# Ar-condicionado no Brasil: crescimento explosivo e desafios energéticos
Brasil está entre os maiores consumidores de ar-condicionado do mundo, e a demanda pelos aparelhos segue em trajetória acelerada devido ao clima predominantemente quente e ao aumento da renda da população. O consumo de energia elétrica associado ao uso de ar-condicionado no setor residencial mais que triplicou nos últimos doze anos, enquanto o uso doméstico aumenta 9% ao ano.
O impacto é significativo: entre 2005 e 2017, enquanto o consumo de energia elétrica em todo o setor residencial cresceu cerca de 61%, o consumo devido aos condicionadores de ar teve um aumento de 237%. Em termos relativos, a participação do ar-condicionado no consumo elétrico das residências passou de 6,7% em 2005 para 14% em 2018, tornando-se o eletrodoméstico com maior crescimento relativo.
As perspectivas futuras são ainda mais expressivas. Segundo projeção recente da Agência Internacional de Energia, Brasil possui atualmente cerca de 36 milhões de unidades de ar-condicionado, número que deve chegar a 160 milhões em 2050, representando uma alta de quase 350%. Globalmente, o salto será de 2 bilhões para 5,5 bilhões de aparelhos no mesmo período. Mesmo com melhorias na eficiência dos equipamentos, em um cenário sem intervenções adequadas, o gasto de energia com ar-condicionado deve dobrar, com esses aparelhos consumindo 14% da eletricidade mundial em 2050.

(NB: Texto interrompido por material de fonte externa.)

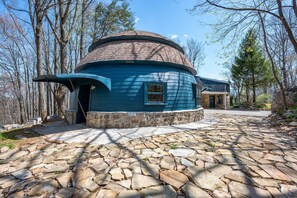 Un bâtiment bleu, en forme de dôme, avec des fondations en pierre, entouré d’une zone pavée de pierres et d’arbres.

A demanda crescente também varia conforme fatores sazonais e regionais. Temperaturas elevadas levaram a aumentos expressivos no consumo de energia. Em fevereiro de 2025, o consumo de energia elétrica no Brasil cresceu 4,9% em relação ao ano anterior, ultrapassando pela primeira vez a marca de 77 mil megawatts médios mensais.
**Disparidades socioeconômicas**
O acesso e uso de ar-condicionado no Brasil reflete desigualdades econômicas. Levantamento da Empresa de Pesquisa Energética indica que em residências com renda de dois a três salários mínimos por pessoa, um indivíduo consome em média 60 quilowatts-hora por ano com ar-condicionado. Na faixa de cinco a dez salários mínimos, esse consumo é de 194 kWh, representando 223% a mais. A diferença de consumo é bem maior no ar-condicionado do que em outros eletrodomésticos como geladeiras, cuja variação entre esses mesmos grupos de renda é de apenas 35%.

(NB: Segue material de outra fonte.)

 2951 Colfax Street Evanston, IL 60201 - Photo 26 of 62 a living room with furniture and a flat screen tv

Atualmente, entre 15% e 20% dos domicílios brasileiros possuem ao menos um aparelho de ar-condicionado. A posse de ar-condicionado nas residências cresce 10% ao ano, evidenciando expansão acelerada do parque de equipamentos.
**Desafios energéticos e ambientais**
O Brasil possui mais de 90% de sua energia de fontes renováveis, predominantemente hidrelétrica, mas o acionamento de usinas térmicas a gás tem se tornado cada vez mais frequente, especialmente em períodos de muito calor e seca, quando os reservatórios de água das barragens ficam mais vazios. Justamente nessas horas, a demanda por refrigeração de ambientes sobe, aumentando o consumo de eletricidade gerada por fontes fósseis.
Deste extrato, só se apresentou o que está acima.